Для Сталина, которому приходилось использовать все свое дипломатическое мастерство, чтобы отвратить опасность войны, предложенный визит был подарком судьбы в его стремлении возобновить диалог с Гитлером, заглохший со времени визита Молотова в Берлин. Его, разумеется, ободрило заявление Мацуоки в парламенте о намерении «приложить серьезные усилия для фундаментального улучшения отношений» с СССР, в соответствии с идеями Тройственного союза{943}. Татекаве в Москву сообщили, что пришло время «перейти от мелких разногласий к урегулированию кардинальных вопросов». Как надеялся Татекава, это могло быть осуществлено во время остановки Мацуоки в Москве{944}. Конечно, возникло некоторое ощущение сговора, когда Шуленбурга и Россо не позвали на ряд обедов, на которые японский посол пригласил одного Молотова{945}.

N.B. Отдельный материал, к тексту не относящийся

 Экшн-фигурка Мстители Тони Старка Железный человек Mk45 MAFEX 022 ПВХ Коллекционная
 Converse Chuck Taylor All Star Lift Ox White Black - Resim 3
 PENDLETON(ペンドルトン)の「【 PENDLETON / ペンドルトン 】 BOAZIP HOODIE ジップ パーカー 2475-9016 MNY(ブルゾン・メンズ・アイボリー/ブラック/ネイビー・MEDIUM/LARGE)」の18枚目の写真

Тревогу Мацуоки по поводу немцев в некоторой степени рассеял сам Риббентроп. Все еще лелея мечту о создании Континентального блока и «великого вала» от Атлантического до Тихого океана, он продолжал настаивать, чтобы японцы захватили Сингапур и перенесли боевые действия в Тихий океан. Поэтому он скрывал от японцев планы нападения на СССР, которое могло представлять угрозу для Японии как союзника Германии и втянуть ее в нежелательную войну. Риббентроп даже поведал Ошиме, японскому послу в Берлине, о своих надеждах на возобновление переговоров с Советским Союзом и включение его в число стран Оси{946}. В результате как раз перед его отъездом переговоры пошли на более высоком уровне; были организованы беспрецедентные встречи Мацуоки со Сталиным, как на пути первого в Берлин, так и при возвращении оттуда{947}. По прибытии в Москву 24 марта Мацуока осторожно выдвинул перед Молотовым идею пакта о ненападении. Однако Наркомат иностранных дел обратил внимание Молотова на то, что пакт о ненападении с Китаем 1937 г. запрещает русским заключать такой же с Японией. Поэтому он предложил взамен соглашение о нейтралитете{948}.

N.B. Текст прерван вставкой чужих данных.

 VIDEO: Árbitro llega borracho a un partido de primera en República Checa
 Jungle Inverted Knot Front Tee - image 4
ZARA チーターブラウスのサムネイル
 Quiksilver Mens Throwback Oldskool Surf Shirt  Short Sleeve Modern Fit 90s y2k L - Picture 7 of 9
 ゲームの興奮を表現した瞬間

При встрече со Сталиным Мацуока расписал свои усилия по достижению пакта о ненападении с СССР в 1932 г., потерпевшие неудачу из-за враждебно настроенного общественного мнения в стране. Теперь они с Коноэ «твердо решили добиться улучшения отношений между двумя странами». Мацуока, изо всех сил стремясь завоевать расположение Сталина, развивал перед ним хитроумную теорию, описывавшую японский строй, пусть и во главе с императором в окружении капиталистов, как «моральный коммунизм». Нынешнее правительство желает с помощью своего участия в Тройственном союзе «разгромить англосаксов», а с ними «капитализм и индивидуализм». Если Сталин разделяет эти взгляды, намекал он, Япония готова «идти с ним рука об руку». Сталина, конечно, позабавила представленная картина, но он учитывал и более практические соображения. Он явно желал использовать Мацуоку как посредника, попросив его передать Риббентропу, что англосаксы никогда не были друзьями Советского Союза и «в настоящий момент он уж точно не захочет с ними подружиться».

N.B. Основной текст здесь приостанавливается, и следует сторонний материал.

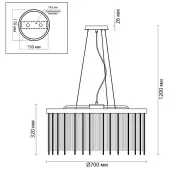 Подвесная люстра York 4788/10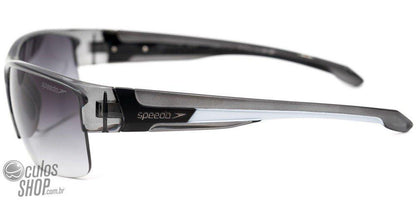 Óculos de Sol Speedo Sp 559 H01 Preto Translúcido/ Preto Degradê - 62 mm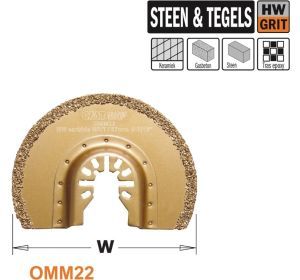 CMT OMM22-X1 ronde HW grit multitoolzaagblad 87mm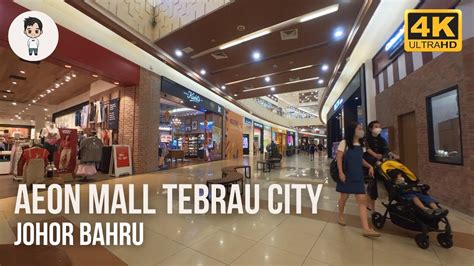 Walking In Aeon Mall Tebrau City Cny Shopping Johor Bahru Malaysia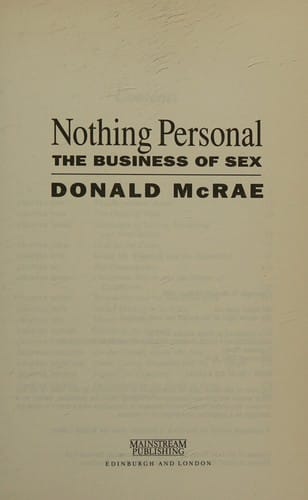 Nothing personal: the business of sex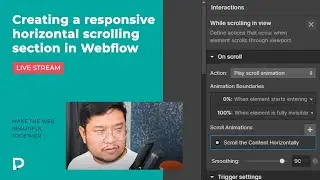 Creating a responsive horizontal scrolling section in Webflow - Tutorial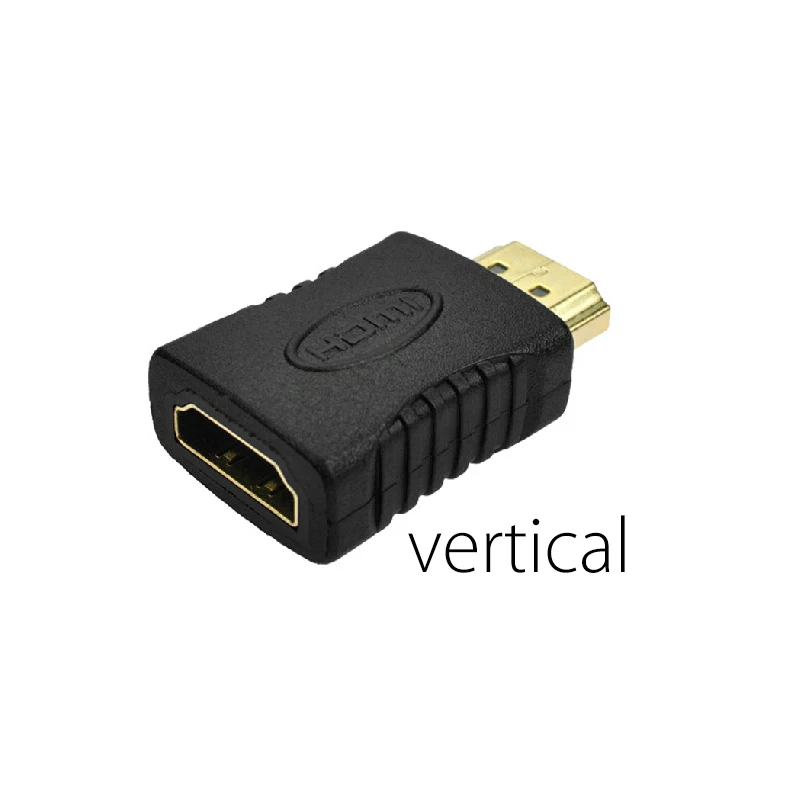 EtopLink HDMI Мужской к HDMI Женский Кабель адаптер, преобразователь, удлинитель вращающийся 90 270 360 градусов угол для 1080 P HDTV адаптер - Цвет: Vertical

Затем Сталин подчеркнул, что различие в идеологических воззрениях не может стать препятствием к сближению двух стран. Тем не менее, Мацуока, как стало очевидно, предпочитал отложить реальные переговоры до тех пор, пока не послушает Гитлера{949}. Перспективы казались блестящими. На приеме, данном в честь японского министра иностранных дел в тот же вечер, он открыто говорил о необходимости сцементировать Ось и найти для Советского Союза удобный способ присоединиться к ней. Он прозрачно намекал на свое намерение подготовить почву для такого соглашения во время своей поездки в Берлин{950}. Помимо того, некоторые подозрения Сталина, питаемые дикими слухами, будто Мацуока может посетить Лондон, добиваясь соглашения с англичанами, которое развяжет ему руки для войны вместе с Германией против Советского Союза, были опровергнуты Майским из Лондона{951}.